Suppose that you have an Ethereum wallet, and you want to prove that this wallet has a proof-of-humanity registration, without revealing which registered human you are. We can mathematically describe the function as follows:

The private input (\(w\)): your address \(A\), and the private key \(k\) to your address
The public input (\(x\)): the set of all addresses with verified proof-of-humanity profiles \(\{H_1 ... H_n\}\)
The verification function \(f(x, w)\):
- Interpret \(w\) as the pair \((A, k)\), and \(x\) as the list of valid profiles \(\{H_1 ... H_n\}\)
- Verify that \(A\) is one of the addresses in \(\{H_1 ... H_n\}\)
- Verify that \(privtoaddr(k) = A\)
- Return \(True\) if both verifications pass, \(False\) if either verification fails

The prover generates their address \(A\) and the associated key \(k\), and provides \(w = (A, k)\) as the private input to \(f\). They take the public input, the current set of verified proof-of-humanity profiles \(\{H_1 ... H_n\}\), from the chain. They run the ZK-SNARK proving algorithm, which (assuming the inputs are correct) generates the proof. The prover sends the proof to the verifier and they provide the block height at which they obtained the list of verified profiles.
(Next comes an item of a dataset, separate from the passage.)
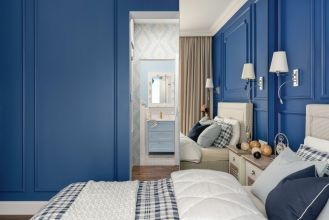 biało niebieska sypialnia styl hamptons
The verifier also reads the chain, gets the list \(\{H_1 ... H_n\}\) at the height that the prover specified, and checks the proof. If the check passes, the verifier is convinced that the prover has some verified proof-of-humanity profile.

Before we move on to more complicated examples, I highly recommend you go over the above example until you understand every bit of what is going on.

Making the proof-of-membership more efficient

One weakness in the above proof system is that the verifier needs to know the whole set of profiles \(\{H_1 ... H_n\}\), and they need to spend \(O(n)\) time "inputting" this set into the ZK-SNARK mechanism.

We can solve this by instead passing in as a public input an on-chain Merkle root containing all profiles (this could just be the state root). We add another private input, a Merkle proof \(M\) proving that the prover's account \(A\) is in the relevant part of the tree.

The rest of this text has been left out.